Tuesday, July 3, 2012

Opening the Door to my Fear and Anger


Dear Readers,
  There was a time when the only way I could express my fear and anger was to write about them in poems, because I thought of them as negative and shameful emotions, and could not express them openly.   The most critical thing I have learned is that I have to feel what I feel instead of denying it.   To feel fear or anger is to be human and not bad, but I often felt that I couldn’t allow myself to feel these emotions, much less express them to anyone, because as a child I wasn’t allowed to express anger, and fear protected me in situations where I had no control.


Free from my Cage of Fear

Fear,

You entered my life at a very young age.

You have haunted me

taunted me and drove me to hide in your cage.


I see you now and I accept that you are a part of of me

But I take myself back from the clutches of thee.
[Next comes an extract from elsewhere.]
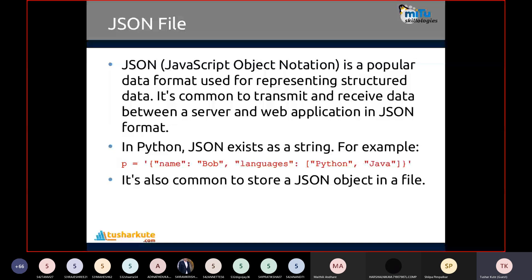JSON stands for JavaScript Object Notation. It is a popular data format used for representing structured data. It's common to transmit and receive data between a server and web application in JSON format. In Python, a JSON file exists as a string, and if you observe it clearly, it follows a dictionary kind of format containing key-colon-value pairs. The first key is the name and the second is languages. So name is Bob and languages are Python and Java — a list is mentioned inside it. This is what the JSON file format is.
I face you with all the courage that is within me and tell you to GO!

I will not live by your dictation any more caught in your pit of woe.


I choose to no longer live in your cage but to be free

to live in the deliverance of Christ's perfect love for me.


When I am afraid I will not go back into your cage of fear

because I KNOW my Lord Jesus Christ is always near.

                                          Written  September 17, 2011



Anger

How I hate how you make me feel

With you I don’t know how to deal
I
 want you out of my life

To cut you out with a knife

I hear I am supposed to feel you

That is the last thing I want to do

Denying you has gotten me here

It is time to bring you near

To face you with all my courage

Time for the child and me to mirage

Feel it, express it, and give it away

When I just want to hid from it another day

So I lie on my bed and think about you

What I have allowed you to do

Thinking I could control you only lead me away

From the person God plans for me to be today

It’s not for the weary to do

To be brave and stand up to you.

Written 10-13-11

1 comment:

  1. I needed to read this one again at this moment. I'm dealing with anger again and perhaps I always will be. I hope that as I face it and let it go it will mold me for the better because I don't want to turn bitter.